# emulsifying wax flakes vs. polawax?



## craftygirl (Nov 25, 2011)

Is there a difference? the flakes seem to be generic and therefore cheaper. Does it make a difference?


----------



## IrishLass (Nov 26, 2011)

I have only ever used Polawax so I personally can't say for sure, but I know of other lotionmakers who have used both and who say that they have experienced a difference with the ability of their emulsions to stay intact. They say that their lotions made with Polawax are less likely to separate as compared to generic e-wax. Like I said, I have nothing to compare Polawax to because that is all I've ever used, but for what it's worth, my lotions have never experienced separation.

Hopefully those who have used both will chime in soon.


IrishLass


----------



## Moonblossom (Nov 26, 2011)

I've only used E-wax and I have had no separation but I also have only made a few batches of lotion.


----------



## Healinya (Nov 27, 2011)

Ewax flakes versus Polawax.... Kinda like the difference between 'cola' and Pepsi..

Polawax is ewax, just trademarked... If u buy from multpile suppliers, u may notice subtle differences in thru ewax, where polawax wont. If u sell, that may not be a good thing.

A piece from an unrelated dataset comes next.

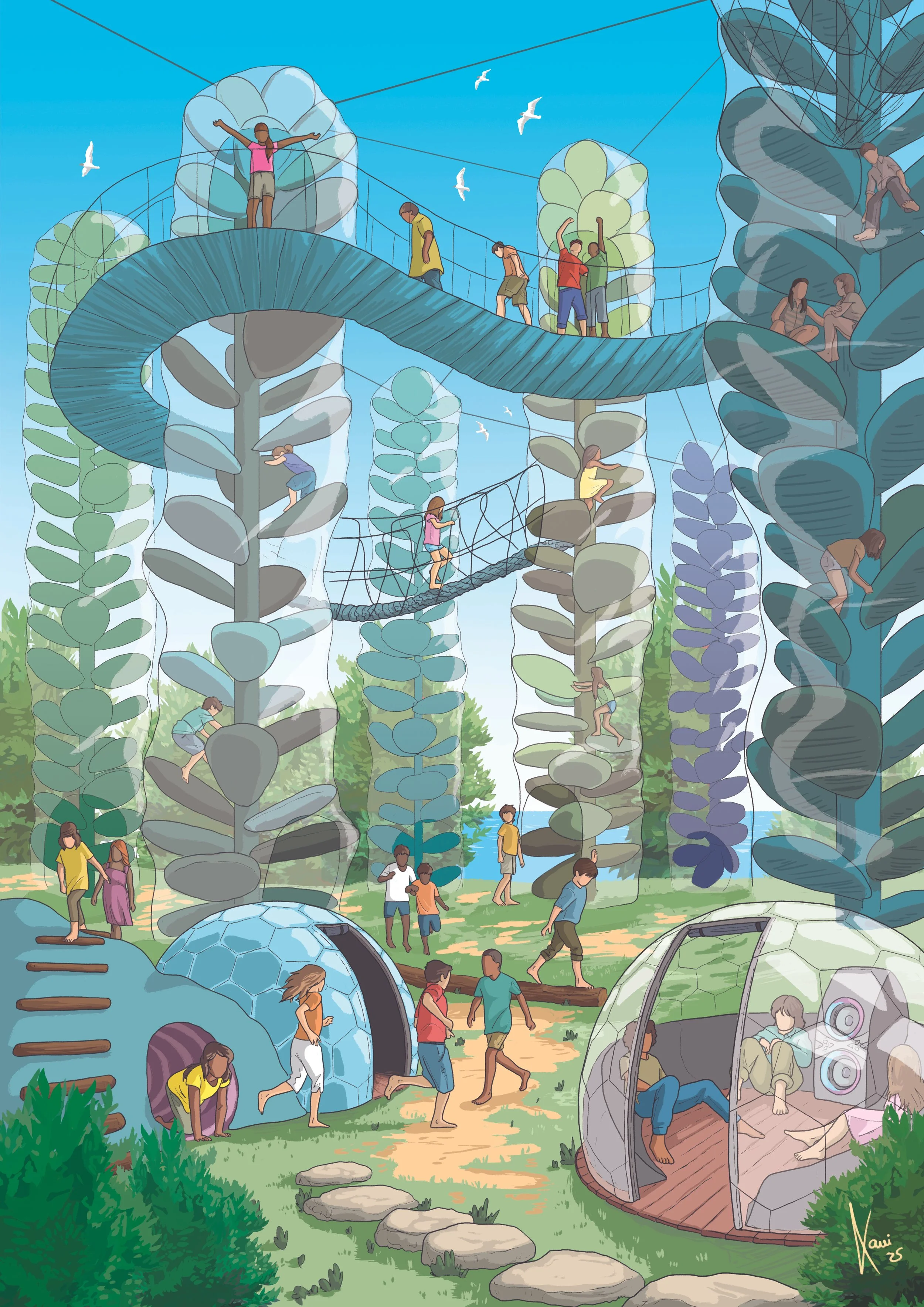 Illustration of a large outdoor playground with elevated rope bridges, climbing structures, and tall plant-like columns for climbing. Children are playing on the structures, climbing, and walking on the bridges. Some children are sitting and chatting on the upper levels. At the bottom, children are running and playing on the ground, with some entering a dome-shaped playhouse and others inside a transparent bubble-like play area. The background features trees, blue sky, and flying birds.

But for personal practice, I think u will be happy with either.


----------



## soapbuddy (Nov 28, 2011)

I have had problems using generic ewax in my formula. They are not all the same. I'm sticking with Polawax for consistent results.


----------



## Sunny (Nov 30, 2011)

I've only used ewax but have heard the same above. if you want consistent results you'll have to buy the name brand. if you are just making it for yourself, I don't think it matters.

ewax has never separated in a lotion that I've made but I tend to go high on the wax because I use a preservative that loves to make things separate!


----------



## MychelleC (Dec 2, 2011)

I use Emuslifying Wax NF with a INCI of Polysorbate 60 (and) Cetearyl Alcohol and Polawax.  My emulsions are identical in texture, feel, stability, behavior (during process and after).  There are many types of E-Wax out there, but the NF variety with this INCI has never failed me, and I prefer it to Polawax both due to price and not using a product with "proprietary" ingredinets.  I wan to know what's in it, that's the point of making it myself!


----------